Филипп перестал улыбаться и серьезно посмотрел на собеседника:
— Вот это интересно. Нельзя ли поподробнее об этой теории?
— Теории бывают у философов. Ты философ — у тебя много теорий. А я человек простой. Я вижу и чувствую и только об этом говорю.
— Ну-ну. И что ты сейчас видишь и чувствуешь?
— Ты говоришь, что человек должен прежде всего познать самого себя, — сказал Толмид. — И вот я смотрю на себя и вижу, что наполовину я состою из воспоминаний: того, что я видел, слышал, чувствовал, о чем я думал. А на другую половину я состою из ожиданий: мы кончим говорить и пойдем в Вифанию, я расстелю свою циновку и засну, и мне будут сниться сны, а утром встанет солнце, Учитель позовет нас, и мы пойдем в Город. Ядумаю об этом, я вижу свою циновку, я ощущаю, какая она шершавая, я сны свои угадываю и даже нюхаю запахи утра… Наполовину, говорю тебе, я — в прошлом, а другой половиной — в будущем. Но прошлого ведь уже нет. А будущее еще не наступило. И где же я настоящий?
— Ну, это я слышал. Это, между прочим, известная философская теория, которая трактует…
— «Теория», «трактует», — перебил Толмид. — Ты знаешь ее. Потому что она понравилась тебе, ты ее взял и поселил внутрь себя. И кроме нее в тебе живут многие другие теории. Их выдумали другие люди, но ты их присвоил, и они теперь и тебя «трактуют», потому что ты из них состоишь. И так — все люди. Даже я, который пытается избавиться от чужого, как я могу прогнать из себя слова Учителя? Я не могу забыть слова Проповедника, которые словно сами по себе всплывают во мне, и я начинаю говорить его словами, жить его чувствами, видеть его глазами… Мать и отец научили меня говорить, учителя научили думать… А сам-то я где? Разве я придумал свой собственный язык? Нет, каждое слово во мне чужое. Я повторяю слова за другими людьми и обманываю себя, когда считаю их своими собственными. Но словами я выражаю свои мысли… Значит, и мыслей своих у меня нет и быть не может.
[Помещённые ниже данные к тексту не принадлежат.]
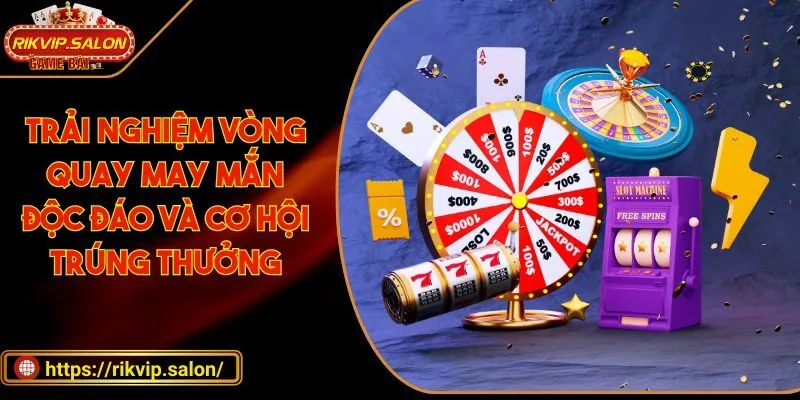 Vòng quay may mắn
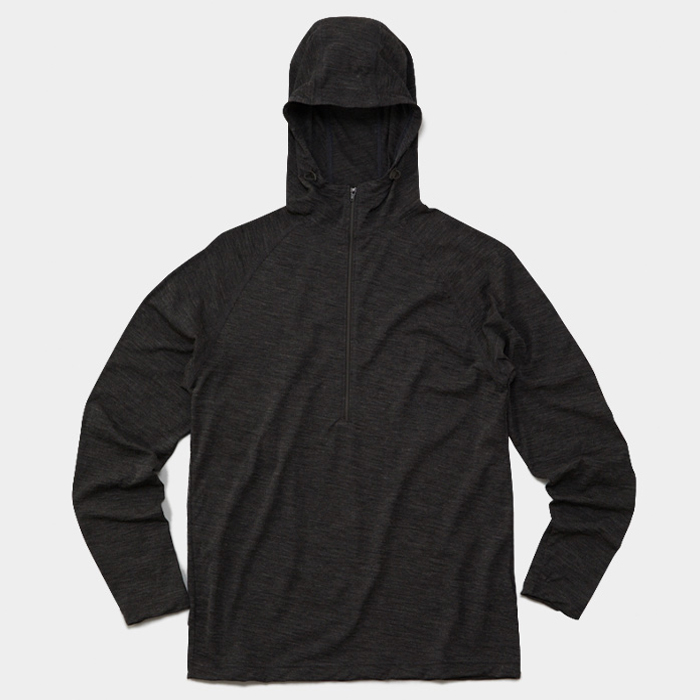 100% Merino Light Hoody C 2022 | Yamatomichi U.L. HIKE & BACKPACKING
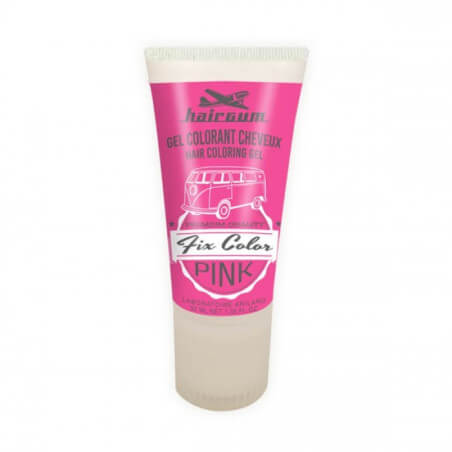 Fijar el gel del color fucsia Hairgum 30 ML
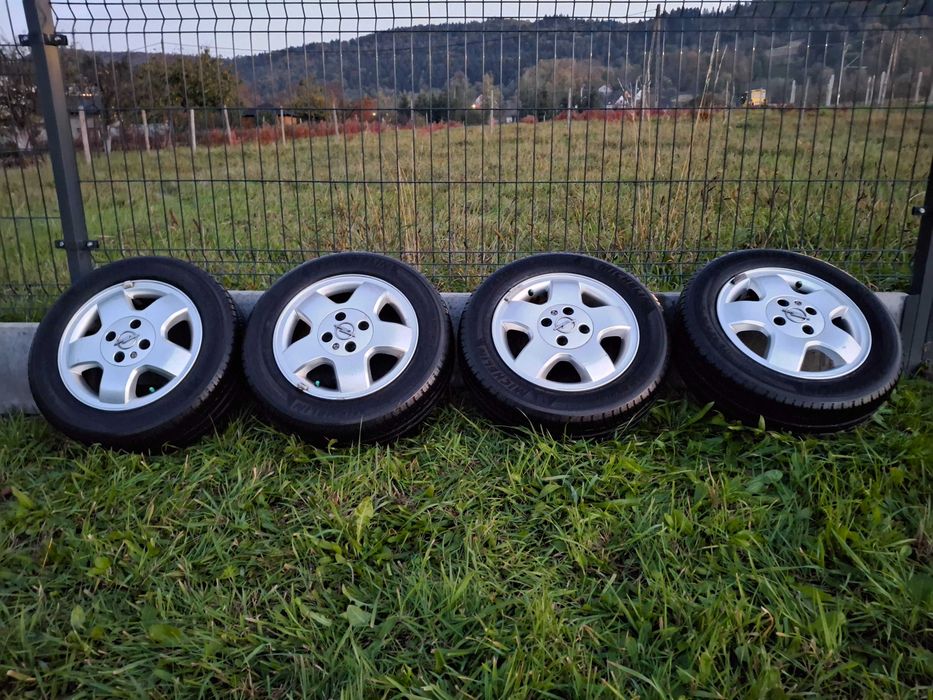 Alufelgi 14 Felgi Aluminiowe 4 szt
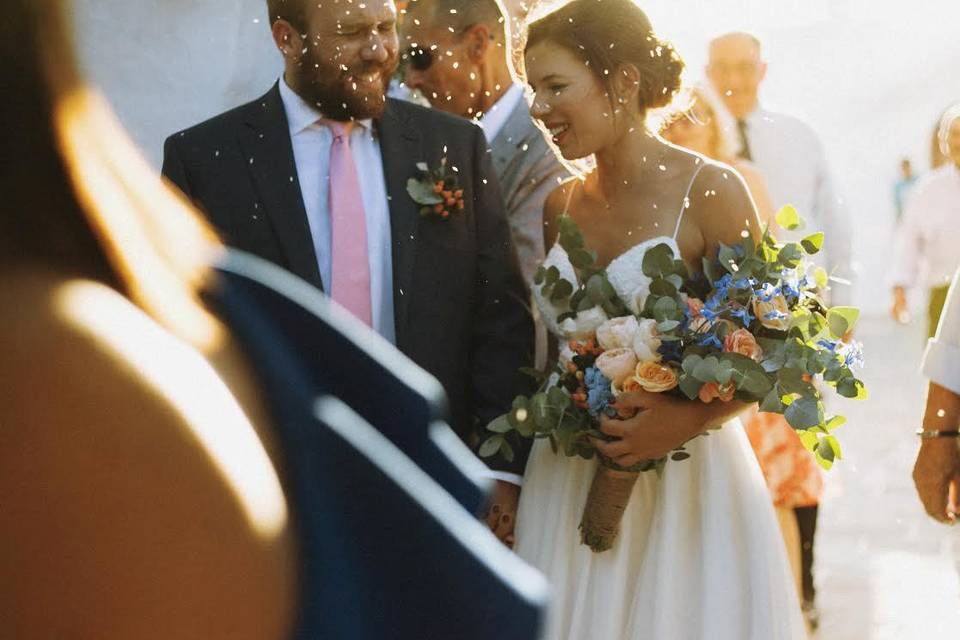 Wedding in Sifnos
— Похоже на Платона. Он много писал о мнениях… Ты и Платона читал, Толмид?
— Платона я не читал. Мне и без Платона грустно заглядывать внутрь себя.
— Но чувства — твои! — воскликнул Филипп, протянул руку и принялся бережно гладить плечо друга. — Чувствуешь? Это твои ощущения и твои чувства.
— Чувства у людей постоянно меняются. Сейчас я чувствую одно, через мгновение — другое. Приходят и уходят. И сами по себе живут. Это — как ручей. Что-то всплывает, а что-то уходит на дно. Струи текут, но капель в них не видишь. Сидишь и смотришь, не в силах остановить… И кто умеет задержать радость? Кто способен утопить горе?.. И где в этом течении тысячи чувств истинный ты?
Филипп убрал руку и перестал гладить Толмида. А тот вдруг сказал:
— Помнишь, в Капернауме Учитель поставил перед нами сына Петра и сказал, что все мы должны уподобиться этому мальчику? А иначе, дескать, не видать нам Царства Небесного. И многие начали спорить о том, что Он имел в виду… А мне так кажется: в ребенке меньше обмана, потому что он не знает жизни, и ему труд нее обмануть других людей. В нем больше искренности, потому что к себе он относится несерьезно, самопознанием не занимается и, значит, себя не теряет. В ребенке больше радости, потому что нет в нем мудрости… В нем больше, чем в нас, чистоты, потому что он еще не успел так привязаться к себе и к своим желаниям, чтобы они стали болезнью и грехом… Дух у него нищий — поэтому он ближе к Небесному Царству. Сердце у него чистое — поэтому он лучше видит Бога… И конечно, нам надо брать с него пример. И, став как ребенок, увеличивать в себе искренность, радость и чистоту. Тогда с каждым днем мы будем всё больше и больше умаляться, пока наконец не достигнем своей первозданной чистоты, и радости, и искренности, которые действительно были в нас тогда, когда мы еще не родились, не появились еще в этом злом и лживом мире.